NO nos vale con hacer el bien, necesitamos contarlo. Es habitual ver cómo mucha gente comparte en sus redes sociales que colabora con la asociación animalista de su barrio o que es socia de una u otra ONG. También está la típica persona que, al echar unas moneditas al artista callejero de turno, mira a los lados y espera al momento en que más viandantes puedan presenciar su enorme ejercicio de generosidad. Esto, que de entrada nos puede costar entender, es algo natural, inherente al ser humano. Porque ser buena persona está bien, pero que tus vecinos lo sepan está mucho mejor.

En los últimos tiempos, este fenómeno, que algunos llaman relato y que consiste básicamente en hacer a los demás sabedores de todas tus virtudes, se está extendiendo al terreno de la política donde, a la hora de presumir de atributos, hay uno que destaca por encima del resto: la voluntad de llegar a acuerdos. Es cierto que la ciudadanía, cansada de tanta disputa entre partidos, valora cada vez más esa predisposición para alcanzar diagnósticos compartidos y, sobre todo, elaborar propuestas comunes.

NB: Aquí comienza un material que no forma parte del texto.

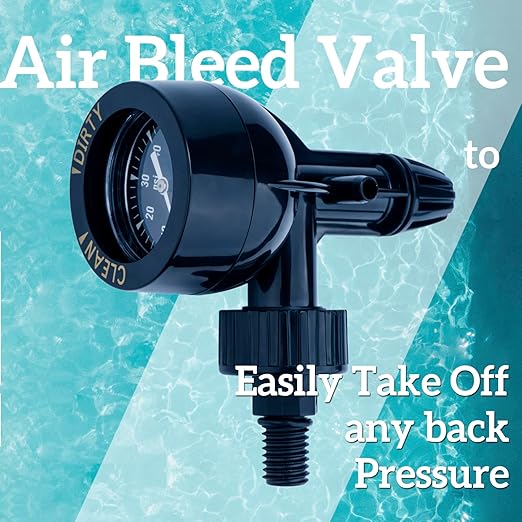 Pressure Gauge Assembly Replacement for Jandy CV340 CL460 CL580 DEL60 DEL48 DEV60 Pool Pump Filter R0357200 Parts, Pool Filter Gauge with Air Relief Valve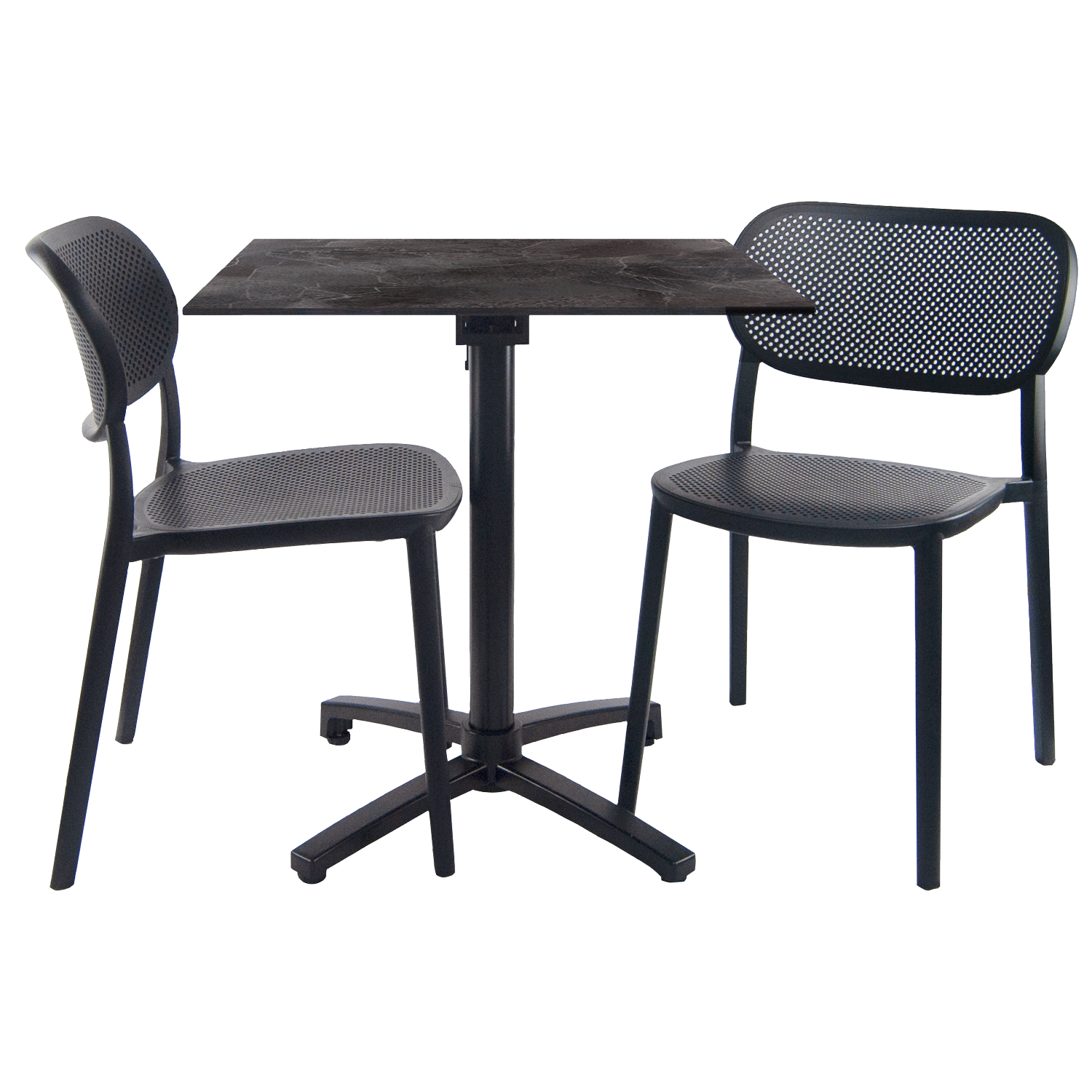 Ensemble table pliable diabolo compact HPL pour terrasse décor pierres sombres Cuma chaises Nuta RestooTab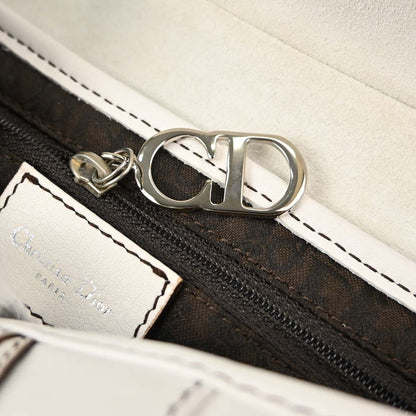 Christian Dior White Leather Saddle Handbag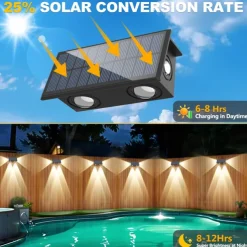 2pcs Outdoor Solar Waterproof Wall Lamp - 4 LED Beams for Courtyard, Balcony, Fence, Steps, Eaves and Porch Lighting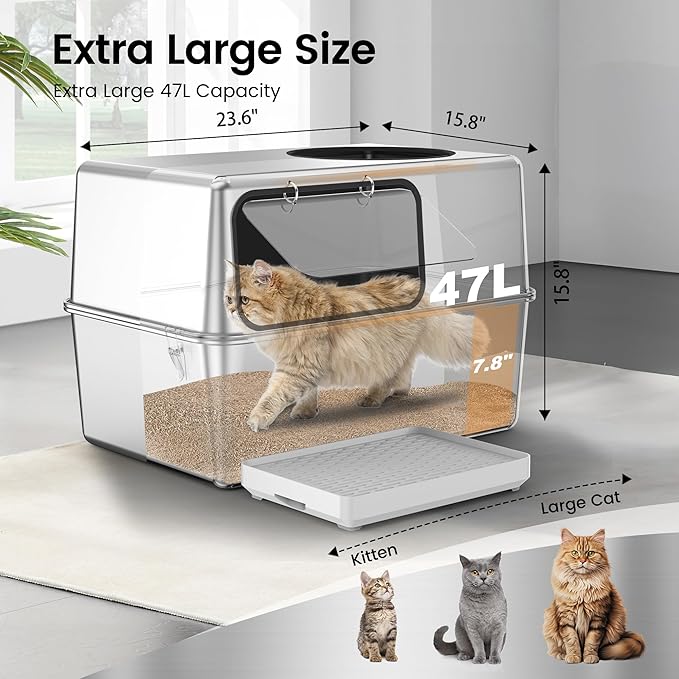 Stainless Steel Litter Box with Lid – Dog Proof, XL Enclosed Metal, High Side, Odor Control, for Big Cats & Multi-Cat Household, Black, Dubble Entry (Top and Side)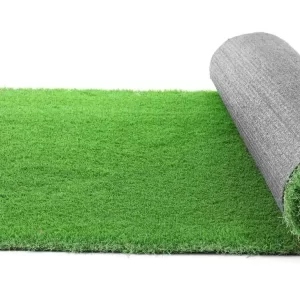A roll of artificial grass for party rental on a white background.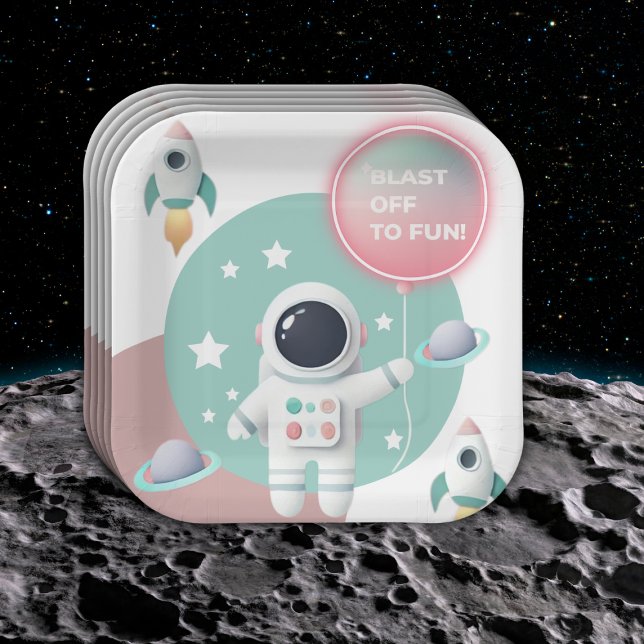 Modern Pastel Space Explorer Baby Shower Paper Plate (Creator Uploaded)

Pero esto nos lleva a presenciar espectáculos tan grotescos como el que nos brindó el otro día la portavoz de un Grupo Parlamentario (no precisamente el más dado a los acuerdos) que después de acusar al Gobierno Vasco de ser débil e incapaz, pedía pactos entre instituciones y partidos en Euskadi. Y sin entrar a valorar la contradicción que supone en sí misma esta frase, haré una matización que a simple vista puede parecer de lenguaje pero que va mucho más allá: los pactos no se piden, se ofrecen. Un acuerdo implica moverse, requiere acción y conlleva la renuncia a parte de un posicionamiento propio; porque de lo contrario no será un pacto, será una demanda de adhesión. Y eso tiene muy poco que ver con el acuerdo y mucho con la imposición. Y es que para vender acuerdos, primero hay que alcanzarlos, porque aquello que no se hace se puede contar, pero entonces no es un relato, es un cuento.